Mandell also argued that Dombrowski can interview Hooker and the other individuals who were included in the documentary as part of his case.

roosevelt-mylesIn response to that offer, Dombrowski said Hooker and the witnesses wouldn’t remember what they said during the aired and unaired recordings of their interview. Dombrowski also said the witnesses would have credibility issues and having the actual unaired material would address that concern.

These were the central arguments that led nowhere during the hearing, before Judge Howard came up with an unprecedented solution that drew concerns from both sides.

She proposed obtaining unaired material from “Reasonable Doubt” while Dombrowski interviewedwitnesses from the documentary. During depositions, Dombrowski would interview witnesses while Judge Howard checked their statements against the unaired material from “Reasonable Doubt.”

Dombrowski objected to that idea, saying under an Illinois statute the obligation to view obtained material is placed upon the state. “Nothing in there says that the court can review and make a determination as to whether or not this is exculpatory,” Dombrowski argued.

Mandell also objected to the idea. He said, “your honor I say this in the most respectful way … if you think about it, the Privilege is there to preserve the flow of information from sources to journalists.

“If they knew that information might wind up even in the judge’s hands right where maybe sources may have committed crimes or afraid or whatever, that would frustrate the flow of information.
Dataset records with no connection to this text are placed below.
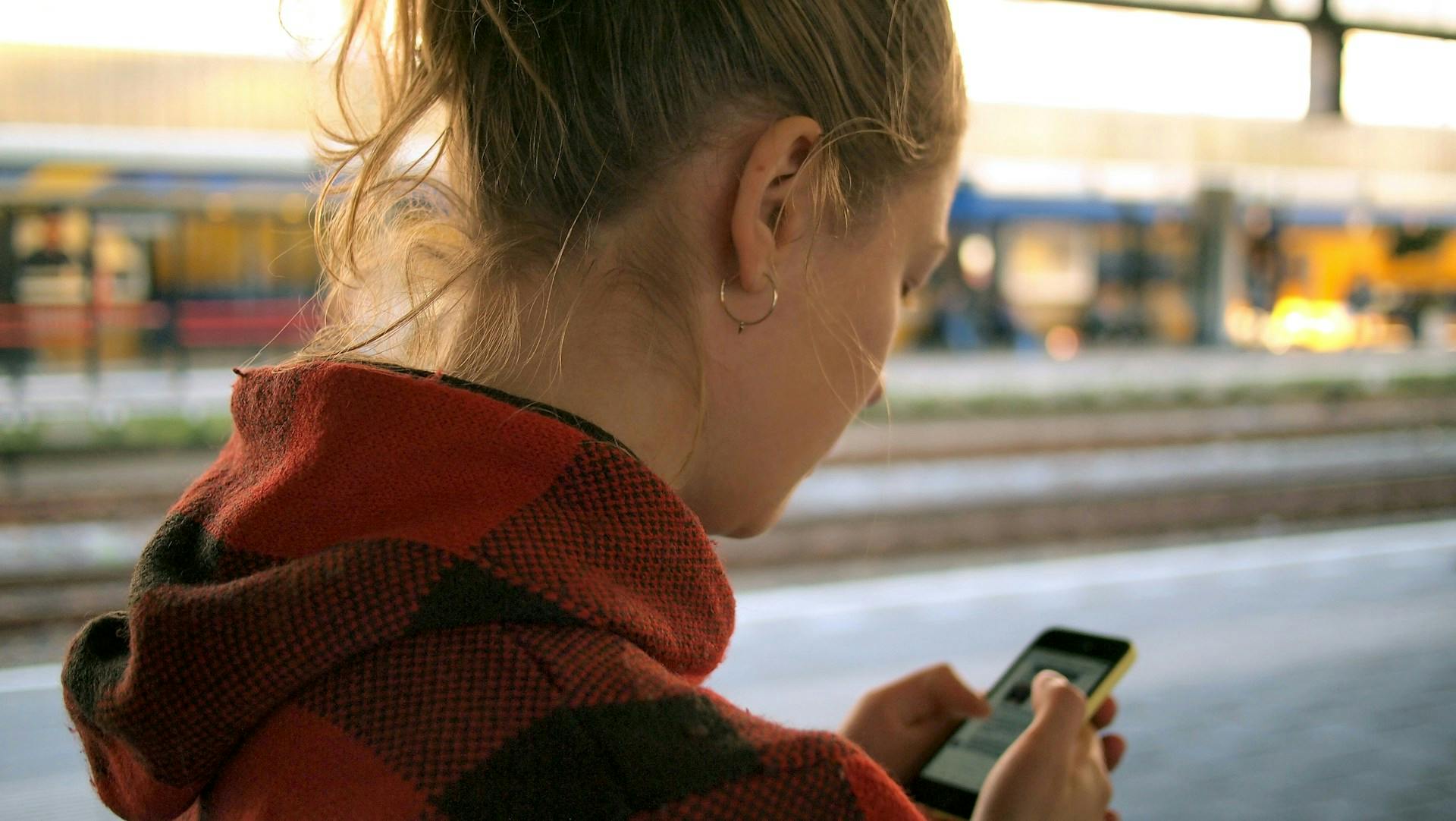 Person checking a mobile phone on a train platform.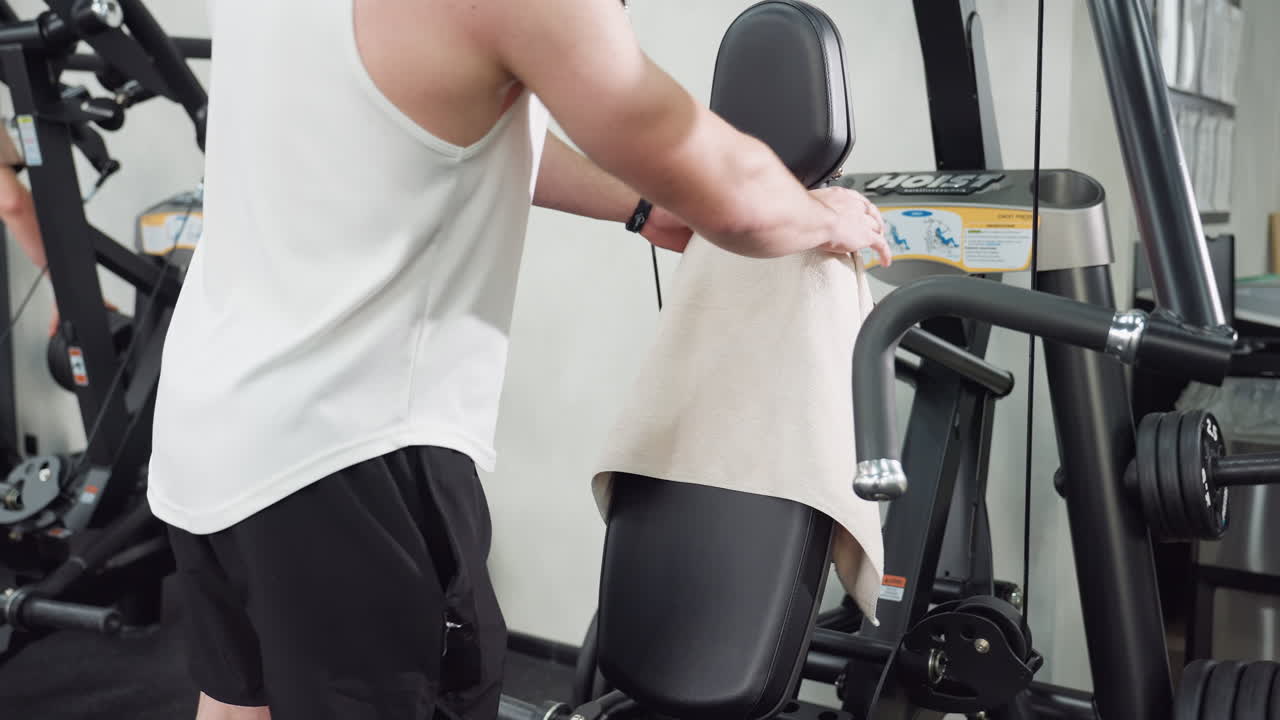Man spreads gym towel on chair seat before workout, preparing bench with towel draped over backrest in modern fitness center with sleek equipment and bright interior lighting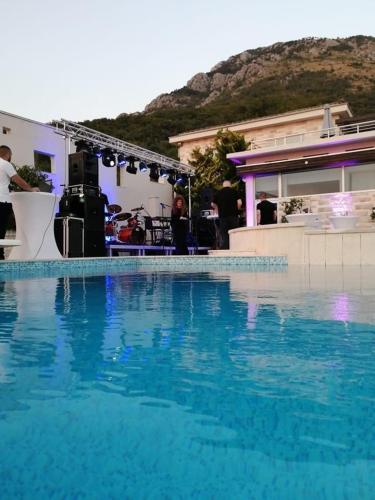 a blue swimming pool with a band in the background at Villa Eagle Eye Montenegro in Kotor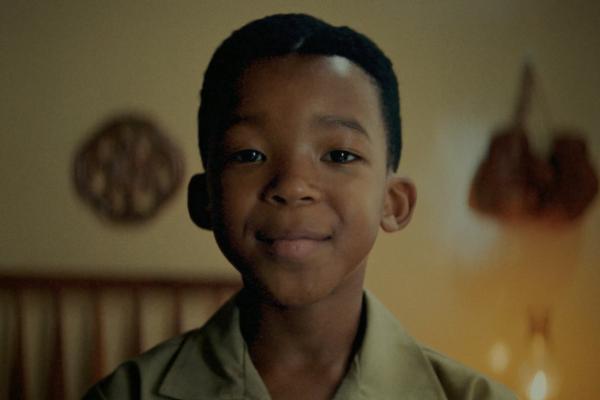 Close up of a young Black South African boy smiling 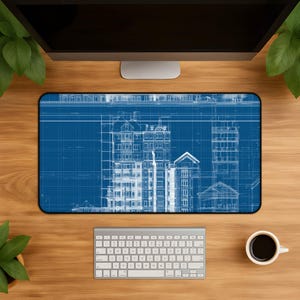 Könnte beinhalten: Eine rechteckige Schreibtischunterlage mit einem detaillierten architektonischen Bauplan-Design in weißen Linien auf tiefblauem Grund. Der Druck zeigt komplexe technische Zeichnungen von mehrstöckigen Gebäuden, einschließlich Fassaden und Dächern.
Reporters go to jail rather than give up their information.”

Judge Howard went ahead with her proposal anyway. She closed out the hearing by giving Dombrowski three weeks to exhaust options other than subpoena, to obtain the unaired material. She then asked Mandell to file a motion with arguments and cases explaining his opposition to her viewing the unaired material.

Both sides agreed to her requests. But as they were planning the next court hearing date, Mandell realized that Judge Howard wouldn’t have enough time to digest his filing that she would have justthree days before the next hearing on June 27.

They looked for a later date and when July 26 appeared as a possible date, Kennedy, Myles attorney who had been silent for most of the hearing, said this:

“Sorry judge, if I can just pipe in for just a moment. I just want to express my concern. This is getting continued months down the line. As I have stated to the court before, my client has been waiting for his day in court here for a very long time, over 20 years. And if we continue to push this back because Mr. Dombrowski hasn’t managed to get access to these materials yet, I just want to say we’re vehemently against it.”

When asked, Kennedy told Judge Howard that he and lead attorney Jennifer Bonjean are not interested in the unaired material because they believe they have enough exculpatory evidence for their case.

Judge Howard then scheduled August 29 for Myles third-stage evidentiary hearing where both sides plan to present witnesses during a three-day, in-person proceeding at the Leighton Criminal Courts building at 26th and California.

Myles has been waiting for this day since 2000, when an appeals court granted him an evidentiary hearing after he argued that he did not receive effective legal representation when he was convicted in 1996 of killing 16-year-old Shaharian “Tony” Brandon on the West Side.

The state’s main witness, 15-year-old Octavia Morris, during the three-day trial said Myles killed Brandon but years later she recanted, saying disgraced Chicago detective and five other officers pressured her into a false confession.

While incarcerated, Myles sought the hearing but a string of public defenders under Judge Dennis Porter racked up over 70 continuances.

In 2019, Judge Porter declined to give Myles an evidentiary hearing saying that his claims of ineffective counsel and other constitutional violations had no merit. A year later the appeals court reversed the ruling before Porter recused himself from the post-conviction case.

Judge William Raines, a former police officer from California took the case but was removed from the bench last December after a “hot mic” … live microphone … caught him making disparaging comments about Bonjean.

Myles’ case was then given to Judge Howard in January. At least eight court hearings have occurred under Howard as Myles continues to wait for his day in court.